Em primeiro lugar, sei que eu e os colegas da crônica esportiva vivemos pegando no seu pé. Mas também sei que você traz no caráter uma qualidade que anda escassa nesses tempos de crise moral nas lideranças do futebol: você é honesto. E é impossível deixar de notar o carinho e o respeito que todos os jogadores que trabalharam contigo têm por você. Portanto, quando escrevo críticas sobre o seu trabalho, o faço com a certeza de estar me dirigindo a
um homem sincero, preocupado em aprender sempre – e não a um arrogante cheio de empáfia.
Certamente você tem acompanhado as excelentes partidas da fase decisiva do Campeonato Brasileiro. E, claro, viu a eletrizante – não há outra palavra para descrever aquilo – final entre Atlético-PR e São Caetano. São dois times, Felipão, que chegam a comover pela bravura com que buscam o ataque em qualquer circunstância. O Atlético buscou mais, e mereceu vencer o jogo. A lógica do esporte – alguns mencionariam os deuses do futebol – quase sempre acaba premiando quem é mais corajoso.
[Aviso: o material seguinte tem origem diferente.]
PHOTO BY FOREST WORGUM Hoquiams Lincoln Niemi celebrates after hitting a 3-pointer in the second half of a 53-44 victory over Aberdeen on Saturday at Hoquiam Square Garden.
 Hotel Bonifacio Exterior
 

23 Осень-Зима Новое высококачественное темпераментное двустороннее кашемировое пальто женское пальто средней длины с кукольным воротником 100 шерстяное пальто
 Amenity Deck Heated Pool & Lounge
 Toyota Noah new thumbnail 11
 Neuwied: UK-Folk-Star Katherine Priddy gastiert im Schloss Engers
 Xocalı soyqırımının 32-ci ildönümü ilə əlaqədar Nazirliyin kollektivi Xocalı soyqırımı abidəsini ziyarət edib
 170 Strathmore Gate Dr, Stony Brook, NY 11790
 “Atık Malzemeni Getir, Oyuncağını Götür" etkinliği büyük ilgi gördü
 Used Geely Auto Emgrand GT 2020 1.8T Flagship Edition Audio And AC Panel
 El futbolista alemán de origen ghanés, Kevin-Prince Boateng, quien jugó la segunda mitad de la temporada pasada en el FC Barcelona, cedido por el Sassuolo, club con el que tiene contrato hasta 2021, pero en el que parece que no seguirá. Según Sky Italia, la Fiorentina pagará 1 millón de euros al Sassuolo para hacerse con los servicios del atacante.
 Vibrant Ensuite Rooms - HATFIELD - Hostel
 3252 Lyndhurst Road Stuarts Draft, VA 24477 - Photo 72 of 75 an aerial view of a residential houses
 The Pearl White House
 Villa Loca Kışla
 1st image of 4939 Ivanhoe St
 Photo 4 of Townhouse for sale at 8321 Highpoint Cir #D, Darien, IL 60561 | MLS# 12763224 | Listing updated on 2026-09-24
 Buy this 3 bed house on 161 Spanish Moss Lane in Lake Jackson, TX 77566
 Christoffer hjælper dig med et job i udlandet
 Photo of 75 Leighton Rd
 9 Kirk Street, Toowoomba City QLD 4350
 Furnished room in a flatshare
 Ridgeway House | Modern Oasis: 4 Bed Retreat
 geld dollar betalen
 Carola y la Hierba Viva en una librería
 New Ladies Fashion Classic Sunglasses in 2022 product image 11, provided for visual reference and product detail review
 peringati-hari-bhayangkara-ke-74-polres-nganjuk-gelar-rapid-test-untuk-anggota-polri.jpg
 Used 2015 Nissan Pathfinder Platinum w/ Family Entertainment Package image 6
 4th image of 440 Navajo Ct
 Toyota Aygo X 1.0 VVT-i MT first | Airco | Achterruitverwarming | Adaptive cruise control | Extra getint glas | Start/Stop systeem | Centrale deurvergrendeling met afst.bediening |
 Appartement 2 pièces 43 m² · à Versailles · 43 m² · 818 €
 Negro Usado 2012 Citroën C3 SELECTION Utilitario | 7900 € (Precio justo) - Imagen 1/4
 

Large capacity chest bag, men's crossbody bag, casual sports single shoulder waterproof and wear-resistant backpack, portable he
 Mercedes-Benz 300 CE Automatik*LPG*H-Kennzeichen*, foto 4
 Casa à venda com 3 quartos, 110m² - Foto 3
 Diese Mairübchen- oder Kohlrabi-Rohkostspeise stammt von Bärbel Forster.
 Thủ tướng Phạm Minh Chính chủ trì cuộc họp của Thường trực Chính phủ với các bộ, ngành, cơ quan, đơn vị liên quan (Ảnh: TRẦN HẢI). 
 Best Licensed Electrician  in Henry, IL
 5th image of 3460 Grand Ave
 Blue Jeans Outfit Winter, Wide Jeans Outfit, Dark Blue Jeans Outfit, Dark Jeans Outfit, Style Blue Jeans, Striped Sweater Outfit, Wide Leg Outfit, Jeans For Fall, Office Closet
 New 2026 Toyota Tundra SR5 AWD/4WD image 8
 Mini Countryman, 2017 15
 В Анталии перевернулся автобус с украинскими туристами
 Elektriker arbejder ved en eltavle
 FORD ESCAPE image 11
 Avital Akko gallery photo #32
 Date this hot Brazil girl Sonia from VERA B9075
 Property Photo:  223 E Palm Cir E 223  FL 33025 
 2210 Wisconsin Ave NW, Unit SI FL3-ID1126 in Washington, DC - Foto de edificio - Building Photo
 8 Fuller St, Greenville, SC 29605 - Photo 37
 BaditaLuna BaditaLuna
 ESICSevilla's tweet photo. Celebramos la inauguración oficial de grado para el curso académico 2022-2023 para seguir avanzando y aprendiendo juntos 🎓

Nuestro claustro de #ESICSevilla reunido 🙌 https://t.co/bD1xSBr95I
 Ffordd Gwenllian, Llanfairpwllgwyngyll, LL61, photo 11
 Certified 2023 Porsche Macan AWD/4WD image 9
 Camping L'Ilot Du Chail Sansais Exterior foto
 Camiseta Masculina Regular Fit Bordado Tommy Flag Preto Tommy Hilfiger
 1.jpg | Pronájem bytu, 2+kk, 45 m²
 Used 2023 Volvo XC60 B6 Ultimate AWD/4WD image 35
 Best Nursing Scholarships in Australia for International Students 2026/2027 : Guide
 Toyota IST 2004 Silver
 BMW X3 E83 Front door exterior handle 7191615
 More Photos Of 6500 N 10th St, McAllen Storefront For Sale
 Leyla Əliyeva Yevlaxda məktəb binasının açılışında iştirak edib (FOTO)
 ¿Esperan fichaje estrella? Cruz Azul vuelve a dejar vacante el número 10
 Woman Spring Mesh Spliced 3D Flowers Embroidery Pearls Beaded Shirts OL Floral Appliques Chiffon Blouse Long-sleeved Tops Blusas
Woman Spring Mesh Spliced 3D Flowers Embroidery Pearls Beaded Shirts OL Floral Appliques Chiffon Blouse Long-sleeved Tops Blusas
Mas não desprezemos o São Caetano, que está longe de poder ser considerado fora do páreo. O Azulão teve uma incrível média inferior a um gol por partida no ano – isso sem jogar com sete ou oito atrás, mas no bom e velho 4-4-2. Se esses times finalistas, que representam o novo no futebol brasileiro, não fazem retranca, por que a Seleção deveria fazer? Você apostou na retranca contra Bolívia, Uruguai e Argentina. E ousou mais contra Chile, Paraguai e Venezuela. Perdemos as três partidas que jogamos para não perder e ganhamos as três que jogamos para ganhar.
A razão da carta, como você já percebeu, é uma só: te pedir que ponha o Brasil para jogar como os finalistas – no ataque. Essa é a nossa maior tradição, e traí-la será um crime que não ficará sem castigo na Copa do Mundo. Não sabemos jogar de outro jeito – e o partidaço da final provou-nos isso uma vez mais. Se acerte com o Romário. Chame o Djalminha e os Ronaldinhos. Preste atenção no Kaká e no Alex Mineiro. Contrate o Geninho e o Picerni como auxiliares. Vamos para cima deles, Felipão! Os brasileiros confiam em você. Confie também na gente quando pedimos um time ofensivo. Se ainda estiver em dúvida, ligue a televisão de novo no próximo domingo. O Azulão precisa vencer por dois gols de diferença – e vem mais futebol brasileiro por aí.
Porque também no esporte, como dizia o Vinícius, meu amigo, só resta uma certeza: é preciso acabar com essa tristeza. É preciso inventar de novo o amor.